### WHAT YOU SHOULD DO
Please filter the data down to the lines that include the word "style" and copy them.

### EXTRACTED INFORMATION

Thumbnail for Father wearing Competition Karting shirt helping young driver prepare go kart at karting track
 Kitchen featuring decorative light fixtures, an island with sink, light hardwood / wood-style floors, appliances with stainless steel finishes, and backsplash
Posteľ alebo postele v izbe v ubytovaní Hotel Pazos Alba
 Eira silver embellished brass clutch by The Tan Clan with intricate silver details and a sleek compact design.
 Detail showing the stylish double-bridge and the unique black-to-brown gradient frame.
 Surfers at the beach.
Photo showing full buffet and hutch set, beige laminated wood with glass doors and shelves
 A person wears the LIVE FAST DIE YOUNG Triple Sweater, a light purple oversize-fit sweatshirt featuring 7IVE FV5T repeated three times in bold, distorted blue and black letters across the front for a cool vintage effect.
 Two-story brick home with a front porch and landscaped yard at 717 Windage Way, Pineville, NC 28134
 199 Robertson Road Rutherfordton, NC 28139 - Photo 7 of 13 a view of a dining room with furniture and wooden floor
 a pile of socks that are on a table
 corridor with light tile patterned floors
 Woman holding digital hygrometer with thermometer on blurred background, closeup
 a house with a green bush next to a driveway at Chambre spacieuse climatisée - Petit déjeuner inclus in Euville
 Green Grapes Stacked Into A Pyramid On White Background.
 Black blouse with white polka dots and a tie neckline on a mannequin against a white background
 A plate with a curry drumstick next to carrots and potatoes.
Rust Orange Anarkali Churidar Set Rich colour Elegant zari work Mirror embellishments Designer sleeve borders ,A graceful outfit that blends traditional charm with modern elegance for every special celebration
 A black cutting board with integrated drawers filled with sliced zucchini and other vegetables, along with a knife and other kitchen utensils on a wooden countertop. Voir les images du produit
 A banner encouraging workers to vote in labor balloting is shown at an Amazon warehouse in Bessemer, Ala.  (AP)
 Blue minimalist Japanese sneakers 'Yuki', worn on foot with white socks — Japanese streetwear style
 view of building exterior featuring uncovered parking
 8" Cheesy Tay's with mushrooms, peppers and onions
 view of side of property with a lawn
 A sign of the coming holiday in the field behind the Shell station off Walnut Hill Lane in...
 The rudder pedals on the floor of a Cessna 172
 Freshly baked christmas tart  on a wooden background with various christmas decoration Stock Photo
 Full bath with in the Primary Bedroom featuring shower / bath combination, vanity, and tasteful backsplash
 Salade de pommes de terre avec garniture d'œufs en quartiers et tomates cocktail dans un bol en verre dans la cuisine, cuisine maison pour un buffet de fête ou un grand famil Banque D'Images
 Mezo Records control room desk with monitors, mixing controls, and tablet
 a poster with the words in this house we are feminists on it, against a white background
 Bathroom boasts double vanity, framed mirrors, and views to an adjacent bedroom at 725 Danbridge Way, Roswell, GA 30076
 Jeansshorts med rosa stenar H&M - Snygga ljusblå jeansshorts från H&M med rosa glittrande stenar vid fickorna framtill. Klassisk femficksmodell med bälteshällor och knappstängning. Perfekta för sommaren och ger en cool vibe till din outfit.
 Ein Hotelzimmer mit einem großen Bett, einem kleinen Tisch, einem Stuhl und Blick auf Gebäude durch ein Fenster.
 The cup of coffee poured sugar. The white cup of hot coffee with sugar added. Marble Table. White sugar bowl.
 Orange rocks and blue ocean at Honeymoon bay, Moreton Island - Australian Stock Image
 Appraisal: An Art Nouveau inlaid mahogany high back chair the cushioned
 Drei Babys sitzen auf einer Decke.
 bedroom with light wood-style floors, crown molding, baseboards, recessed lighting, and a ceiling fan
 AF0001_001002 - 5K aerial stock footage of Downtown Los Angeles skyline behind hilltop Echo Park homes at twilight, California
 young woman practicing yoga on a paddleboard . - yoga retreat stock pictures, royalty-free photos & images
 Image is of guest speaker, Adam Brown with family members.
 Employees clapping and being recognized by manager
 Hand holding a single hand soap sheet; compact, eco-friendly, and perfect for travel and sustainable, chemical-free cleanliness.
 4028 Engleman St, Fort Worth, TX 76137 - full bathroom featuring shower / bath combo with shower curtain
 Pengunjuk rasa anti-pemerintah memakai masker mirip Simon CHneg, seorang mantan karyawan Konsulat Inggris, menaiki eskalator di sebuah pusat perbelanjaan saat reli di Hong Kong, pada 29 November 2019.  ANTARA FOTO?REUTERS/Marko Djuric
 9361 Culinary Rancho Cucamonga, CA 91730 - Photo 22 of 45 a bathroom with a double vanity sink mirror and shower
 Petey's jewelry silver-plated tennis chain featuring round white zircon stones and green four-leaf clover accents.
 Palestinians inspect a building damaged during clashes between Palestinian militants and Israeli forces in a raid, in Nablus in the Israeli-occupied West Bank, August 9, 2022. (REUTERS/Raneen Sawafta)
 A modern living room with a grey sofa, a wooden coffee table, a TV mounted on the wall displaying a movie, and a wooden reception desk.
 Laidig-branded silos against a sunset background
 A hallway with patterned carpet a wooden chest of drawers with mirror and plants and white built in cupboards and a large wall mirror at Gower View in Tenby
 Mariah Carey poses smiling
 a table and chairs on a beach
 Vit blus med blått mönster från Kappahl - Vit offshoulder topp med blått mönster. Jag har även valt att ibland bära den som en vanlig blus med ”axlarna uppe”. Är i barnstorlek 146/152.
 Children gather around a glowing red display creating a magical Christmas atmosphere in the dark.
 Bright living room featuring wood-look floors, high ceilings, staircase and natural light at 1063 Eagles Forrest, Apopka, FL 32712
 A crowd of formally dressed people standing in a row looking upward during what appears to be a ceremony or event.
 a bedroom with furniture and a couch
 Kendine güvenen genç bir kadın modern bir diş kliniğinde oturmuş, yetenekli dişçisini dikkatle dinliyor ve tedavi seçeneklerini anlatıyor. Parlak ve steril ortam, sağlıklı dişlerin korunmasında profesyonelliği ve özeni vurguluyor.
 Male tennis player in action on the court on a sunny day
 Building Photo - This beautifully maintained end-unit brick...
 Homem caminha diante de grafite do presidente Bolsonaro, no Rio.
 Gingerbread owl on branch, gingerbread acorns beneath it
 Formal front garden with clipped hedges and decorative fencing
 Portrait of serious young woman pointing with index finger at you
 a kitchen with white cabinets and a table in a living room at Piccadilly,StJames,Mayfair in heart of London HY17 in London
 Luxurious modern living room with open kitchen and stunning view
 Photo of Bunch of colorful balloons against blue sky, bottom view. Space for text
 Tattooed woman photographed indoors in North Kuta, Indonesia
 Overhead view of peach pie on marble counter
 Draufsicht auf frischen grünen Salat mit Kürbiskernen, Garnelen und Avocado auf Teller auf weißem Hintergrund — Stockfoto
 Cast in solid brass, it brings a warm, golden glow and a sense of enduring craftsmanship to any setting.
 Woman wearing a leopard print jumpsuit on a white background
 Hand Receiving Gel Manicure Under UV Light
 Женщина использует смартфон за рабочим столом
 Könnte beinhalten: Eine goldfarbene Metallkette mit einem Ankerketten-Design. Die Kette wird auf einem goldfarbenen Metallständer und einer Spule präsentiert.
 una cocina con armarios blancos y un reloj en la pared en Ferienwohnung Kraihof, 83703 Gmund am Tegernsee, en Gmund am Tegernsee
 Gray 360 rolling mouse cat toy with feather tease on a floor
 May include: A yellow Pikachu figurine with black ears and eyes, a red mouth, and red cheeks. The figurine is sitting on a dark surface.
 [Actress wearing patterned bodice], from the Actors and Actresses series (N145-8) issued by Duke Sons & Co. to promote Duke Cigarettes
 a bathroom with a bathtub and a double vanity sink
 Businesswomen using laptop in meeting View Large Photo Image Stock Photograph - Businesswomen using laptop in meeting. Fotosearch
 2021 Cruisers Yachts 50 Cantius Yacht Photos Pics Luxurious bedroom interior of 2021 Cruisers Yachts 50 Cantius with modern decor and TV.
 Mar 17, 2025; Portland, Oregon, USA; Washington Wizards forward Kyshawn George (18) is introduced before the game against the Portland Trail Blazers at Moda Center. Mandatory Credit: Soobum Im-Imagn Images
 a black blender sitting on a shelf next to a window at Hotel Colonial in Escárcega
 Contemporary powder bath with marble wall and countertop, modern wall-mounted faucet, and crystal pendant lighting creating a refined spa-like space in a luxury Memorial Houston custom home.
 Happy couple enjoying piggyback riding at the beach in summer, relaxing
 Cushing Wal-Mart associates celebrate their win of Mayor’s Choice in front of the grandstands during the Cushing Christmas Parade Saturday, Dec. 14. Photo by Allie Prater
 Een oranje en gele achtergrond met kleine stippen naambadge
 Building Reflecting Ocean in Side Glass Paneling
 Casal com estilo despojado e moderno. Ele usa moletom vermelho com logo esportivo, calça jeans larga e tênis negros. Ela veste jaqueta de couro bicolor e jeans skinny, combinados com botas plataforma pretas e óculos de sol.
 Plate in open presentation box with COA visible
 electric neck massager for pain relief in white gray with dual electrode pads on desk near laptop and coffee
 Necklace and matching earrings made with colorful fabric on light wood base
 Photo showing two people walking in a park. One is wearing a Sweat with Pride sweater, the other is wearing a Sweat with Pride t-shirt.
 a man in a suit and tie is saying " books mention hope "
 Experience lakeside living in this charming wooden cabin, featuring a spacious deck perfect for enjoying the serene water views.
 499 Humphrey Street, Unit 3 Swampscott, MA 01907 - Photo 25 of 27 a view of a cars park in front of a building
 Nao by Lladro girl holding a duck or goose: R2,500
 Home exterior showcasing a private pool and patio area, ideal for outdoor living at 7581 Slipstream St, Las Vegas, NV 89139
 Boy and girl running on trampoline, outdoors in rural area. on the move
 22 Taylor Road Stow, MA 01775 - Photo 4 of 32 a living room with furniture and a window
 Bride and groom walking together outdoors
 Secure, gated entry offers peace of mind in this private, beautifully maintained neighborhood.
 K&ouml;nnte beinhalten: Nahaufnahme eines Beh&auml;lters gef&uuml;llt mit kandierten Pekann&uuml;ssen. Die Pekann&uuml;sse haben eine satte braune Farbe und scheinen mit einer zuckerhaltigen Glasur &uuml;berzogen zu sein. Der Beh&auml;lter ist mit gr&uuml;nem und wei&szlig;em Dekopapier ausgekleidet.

### SOLUTION BELOW
 Kitchen featuring decorative light fixtures, an island with sink, light hardwood / wood-style floors, appliances with stainless steel finishes, and backsplash
 Blue minimalist Japanese sneakers 'Yuki', worn on foot with white socks — Japanese streetwear style
 bedroom with light wood-style floors, crown molding, baseboards, recessed lighting, and a ceiling fan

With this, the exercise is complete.